Di qui il passo è breve per mettere assieme il tema della iconica Pietà cristiana, la suggestione del Pinocchio (si affaccia anche Carmelo Bene qui e lì) con la fata, e il destino di queste madri, a volte senza mezzi culturali ed economici, che devono anche sopportare non di rado il maltrattamento dei figli dentro le mura del carcere.
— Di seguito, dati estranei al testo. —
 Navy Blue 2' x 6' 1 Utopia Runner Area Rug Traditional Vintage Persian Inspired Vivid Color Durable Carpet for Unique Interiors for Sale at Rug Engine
In uno spettacolo costruito solo di recitazione e videoproiezione, la bellezza è che questa amalgama viene solo accennata nei suoi punti più densi, senza diventare mai elemento saliente e portante di una drammaturgia divisa in scene, come una via crucis al contrario, in cui è la madre a portare la croce. E la croce addirittura diventa personaggio, si vivifica, e abbraccia la madre, in una dimensione per cui il genitore accompagna il figlio nel supplizio senza poterlo alleviare. Tornano in mente anche la cronaca con i casi Aldrovandi, Cucchi, il tema del genitore e del figlio violato, il rapporto col potere, ma senza che mai questo sposti l’asse del sentire scenico da quello del lamento, i lai testoriani, riportati qui nella naturalezza del dialetto siciliano, lingua madre della interprete. Rimando all’antico ribadito anche dai passi di Donna de Paradiso di Jacopone da Todi di cui riverberano le parole, l’appiglio che il dolore non permette.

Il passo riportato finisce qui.